I looked at the long blue lines on the white sheet on the wooden table in front of me, all that emptiness. The edge of Linda's wallet nearly touched the paper, the driver's license upside down. I focused on that: height 5'10", weight 139, hair blond, eyes blue because she couldn't check all the boxes for eye color, I guessed, and her eyes did look blue when she wore blue. I thought of my father teaching me to drive, his foot stomping on the brakeless passenger-seat floorboard, his voice booming, “Brake, for Christ's sake, Frankie!” when I was nowhere near the stop sign yet.
I set my eraserless stub of pencil to the blank page, trying to imbue that scene with a humor I hadn't felt at the time. And somehow, the squeals of the children and the smell of airborne sand and the taste of the earthy fall air worked their way into my writing, too, and the urge to look up and make sure Maggie and Davy were okay, and my not wanting to look up, wanting to have this moment for myself.
Linda called “Time!” after what seemed no time at all.
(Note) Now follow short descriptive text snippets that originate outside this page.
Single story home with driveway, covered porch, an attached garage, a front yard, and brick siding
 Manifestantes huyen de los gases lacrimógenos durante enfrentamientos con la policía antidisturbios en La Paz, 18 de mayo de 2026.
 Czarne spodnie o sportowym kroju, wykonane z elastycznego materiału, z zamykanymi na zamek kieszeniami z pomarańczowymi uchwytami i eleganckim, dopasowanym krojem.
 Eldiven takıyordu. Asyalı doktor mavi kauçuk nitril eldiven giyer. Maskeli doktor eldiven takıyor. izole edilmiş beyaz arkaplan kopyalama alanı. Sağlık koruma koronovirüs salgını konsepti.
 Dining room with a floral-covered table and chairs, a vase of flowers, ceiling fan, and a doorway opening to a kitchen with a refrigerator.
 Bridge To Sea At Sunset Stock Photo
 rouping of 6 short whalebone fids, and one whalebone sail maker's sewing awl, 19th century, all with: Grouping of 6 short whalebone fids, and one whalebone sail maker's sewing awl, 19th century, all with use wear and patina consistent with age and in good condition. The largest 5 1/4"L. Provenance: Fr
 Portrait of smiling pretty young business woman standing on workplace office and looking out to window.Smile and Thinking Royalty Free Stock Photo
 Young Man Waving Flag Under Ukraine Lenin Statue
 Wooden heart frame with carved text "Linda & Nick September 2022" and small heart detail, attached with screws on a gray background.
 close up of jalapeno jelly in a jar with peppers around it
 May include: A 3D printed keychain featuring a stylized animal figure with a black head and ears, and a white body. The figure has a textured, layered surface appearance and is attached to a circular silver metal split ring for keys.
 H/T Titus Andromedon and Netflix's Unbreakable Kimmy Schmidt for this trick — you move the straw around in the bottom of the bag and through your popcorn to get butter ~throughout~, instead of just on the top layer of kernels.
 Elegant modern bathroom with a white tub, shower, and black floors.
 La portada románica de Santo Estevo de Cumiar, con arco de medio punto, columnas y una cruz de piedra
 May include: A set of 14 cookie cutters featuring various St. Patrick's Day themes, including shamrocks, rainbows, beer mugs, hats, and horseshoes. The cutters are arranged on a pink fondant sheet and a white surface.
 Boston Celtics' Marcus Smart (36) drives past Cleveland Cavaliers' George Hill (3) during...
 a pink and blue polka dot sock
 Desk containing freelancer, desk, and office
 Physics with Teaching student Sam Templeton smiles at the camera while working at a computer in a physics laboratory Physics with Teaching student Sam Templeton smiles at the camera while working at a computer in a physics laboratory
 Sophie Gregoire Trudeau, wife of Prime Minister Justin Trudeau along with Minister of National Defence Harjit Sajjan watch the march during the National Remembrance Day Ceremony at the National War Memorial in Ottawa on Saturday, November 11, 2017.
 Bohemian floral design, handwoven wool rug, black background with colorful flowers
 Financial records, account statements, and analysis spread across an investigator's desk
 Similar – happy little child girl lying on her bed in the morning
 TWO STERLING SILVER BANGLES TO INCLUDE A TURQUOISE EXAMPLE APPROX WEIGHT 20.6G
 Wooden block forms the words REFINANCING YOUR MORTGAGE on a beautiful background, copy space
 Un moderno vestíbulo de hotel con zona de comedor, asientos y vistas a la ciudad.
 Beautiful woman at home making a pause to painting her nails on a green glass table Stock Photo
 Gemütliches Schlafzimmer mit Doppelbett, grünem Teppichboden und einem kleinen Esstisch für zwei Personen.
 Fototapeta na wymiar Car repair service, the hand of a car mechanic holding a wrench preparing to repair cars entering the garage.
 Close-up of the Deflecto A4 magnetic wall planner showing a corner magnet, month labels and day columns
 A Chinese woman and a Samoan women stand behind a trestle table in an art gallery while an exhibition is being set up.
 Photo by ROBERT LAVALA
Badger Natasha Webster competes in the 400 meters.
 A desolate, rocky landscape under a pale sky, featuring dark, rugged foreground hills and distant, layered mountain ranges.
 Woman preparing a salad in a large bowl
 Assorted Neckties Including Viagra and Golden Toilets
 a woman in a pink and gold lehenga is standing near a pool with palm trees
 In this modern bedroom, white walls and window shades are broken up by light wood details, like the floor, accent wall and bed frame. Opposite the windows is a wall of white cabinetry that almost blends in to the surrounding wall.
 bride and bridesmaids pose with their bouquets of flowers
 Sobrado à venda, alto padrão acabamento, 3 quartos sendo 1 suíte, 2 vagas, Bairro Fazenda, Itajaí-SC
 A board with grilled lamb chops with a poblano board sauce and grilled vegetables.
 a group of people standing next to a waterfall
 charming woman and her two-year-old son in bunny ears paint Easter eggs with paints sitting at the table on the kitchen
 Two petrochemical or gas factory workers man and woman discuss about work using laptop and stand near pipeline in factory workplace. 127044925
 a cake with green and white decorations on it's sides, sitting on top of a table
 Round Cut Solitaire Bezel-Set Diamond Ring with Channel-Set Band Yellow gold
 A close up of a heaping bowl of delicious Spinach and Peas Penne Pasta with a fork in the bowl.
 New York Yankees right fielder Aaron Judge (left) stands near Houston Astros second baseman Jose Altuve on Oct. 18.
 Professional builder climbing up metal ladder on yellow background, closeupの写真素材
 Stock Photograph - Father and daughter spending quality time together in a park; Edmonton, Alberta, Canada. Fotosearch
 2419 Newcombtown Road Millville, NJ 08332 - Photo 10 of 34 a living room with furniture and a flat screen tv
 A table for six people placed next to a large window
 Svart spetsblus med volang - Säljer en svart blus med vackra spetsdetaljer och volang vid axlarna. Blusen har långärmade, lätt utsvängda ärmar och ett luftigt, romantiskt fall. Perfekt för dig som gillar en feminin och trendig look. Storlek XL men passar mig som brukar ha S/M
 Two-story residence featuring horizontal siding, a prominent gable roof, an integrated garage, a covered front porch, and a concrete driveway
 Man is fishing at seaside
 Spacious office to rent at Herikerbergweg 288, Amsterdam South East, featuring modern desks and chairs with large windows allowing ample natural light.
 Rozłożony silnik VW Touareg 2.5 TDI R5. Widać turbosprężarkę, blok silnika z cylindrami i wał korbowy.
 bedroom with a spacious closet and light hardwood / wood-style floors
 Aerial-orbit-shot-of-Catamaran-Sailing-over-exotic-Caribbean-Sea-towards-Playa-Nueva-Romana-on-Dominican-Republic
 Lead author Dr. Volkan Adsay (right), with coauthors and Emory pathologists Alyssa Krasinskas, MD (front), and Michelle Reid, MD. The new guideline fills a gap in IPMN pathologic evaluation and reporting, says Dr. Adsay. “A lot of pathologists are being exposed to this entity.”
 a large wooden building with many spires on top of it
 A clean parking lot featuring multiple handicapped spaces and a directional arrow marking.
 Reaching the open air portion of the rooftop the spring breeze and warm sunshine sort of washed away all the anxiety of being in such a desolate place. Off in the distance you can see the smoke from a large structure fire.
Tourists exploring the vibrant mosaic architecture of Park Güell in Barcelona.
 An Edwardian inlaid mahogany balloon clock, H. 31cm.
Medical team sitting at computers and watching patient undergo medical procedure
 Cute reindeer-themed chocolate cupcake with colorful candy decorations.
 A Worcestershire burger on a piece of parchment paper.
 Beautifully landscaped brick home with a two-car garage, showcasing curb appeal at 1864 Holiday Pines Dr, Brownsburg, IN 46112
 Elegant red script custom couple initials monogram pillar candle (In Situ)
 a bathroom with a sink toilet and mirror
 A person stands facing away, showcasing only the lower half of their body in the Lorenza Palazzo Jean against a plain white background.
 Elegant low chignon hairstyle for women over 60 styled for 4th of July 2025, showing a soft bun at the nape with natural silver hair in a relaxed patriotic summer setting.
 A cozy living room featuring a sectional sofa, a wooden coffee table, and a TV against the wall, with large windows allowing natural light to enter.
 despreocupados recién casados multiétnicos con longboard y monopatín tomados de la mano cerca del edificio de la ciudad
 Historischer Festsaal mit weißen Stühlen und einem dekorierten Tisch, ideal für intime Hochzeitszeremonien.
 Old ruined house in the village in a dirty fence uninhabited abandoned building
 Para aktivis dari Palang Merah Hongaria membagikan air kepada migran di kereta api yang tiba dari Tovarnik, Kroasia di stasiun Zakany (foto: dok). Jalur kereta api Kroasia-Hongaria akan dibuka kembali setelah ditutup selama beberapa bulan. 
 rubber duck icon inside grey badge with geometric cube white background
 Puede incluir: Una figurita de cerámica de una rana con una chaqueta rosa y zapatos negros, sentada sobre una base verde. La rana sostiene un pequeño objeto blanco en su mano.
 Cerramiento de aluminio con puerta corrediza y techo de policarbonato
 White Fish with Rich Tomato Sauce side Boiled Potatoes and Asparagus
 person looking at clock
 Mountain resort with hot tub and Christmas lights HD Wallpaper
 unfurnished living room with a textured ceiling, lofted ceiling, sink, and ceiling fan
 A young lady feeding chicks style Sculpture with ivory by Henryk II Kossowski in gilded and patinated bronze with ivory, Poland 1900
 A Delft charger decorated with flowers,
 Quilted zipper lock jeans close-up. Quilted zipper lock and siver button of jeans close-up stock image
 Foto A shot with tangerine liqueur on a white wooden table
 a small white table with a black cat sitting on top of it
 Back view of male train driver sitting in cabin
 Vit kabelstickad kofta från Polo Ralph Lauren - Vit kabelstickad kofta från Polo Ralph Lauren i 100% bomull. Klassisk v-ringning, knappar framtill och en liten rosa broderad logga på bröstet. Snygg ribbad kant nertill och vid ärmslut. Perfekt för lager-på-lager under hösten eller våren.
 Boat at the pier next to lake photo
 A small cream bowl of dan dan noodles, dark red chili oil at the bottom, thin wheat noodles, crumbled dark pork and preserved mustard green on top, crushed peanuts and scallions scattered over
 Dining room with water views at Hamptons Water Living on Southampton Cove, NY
No children maimed or dead out on the playground—that was reassuring. And even Ally and Kath had a little ink on the page, though Kath would admit—years later—that all she'd written that morning was “I swear I never met a soul half as bossy as Linda Mason.”
“Okay, who wants to read first?” Linda said.
After a good deal of resistance—she'd said we wouldn't have to read! (though Kath, again years later, admitted to thinking she ought to volunteer, it would serve Linda right)—Brett said fine, she'd read first, Linda didn't intimidate her. She read, interrupted only once by her daughter (who was dispatched back to the sandbox with a bucket and shovel). A few paragraphs about a wacky marble-rolling machine she and her brother built when they were in grade school. The rolling coins had reminded her of it.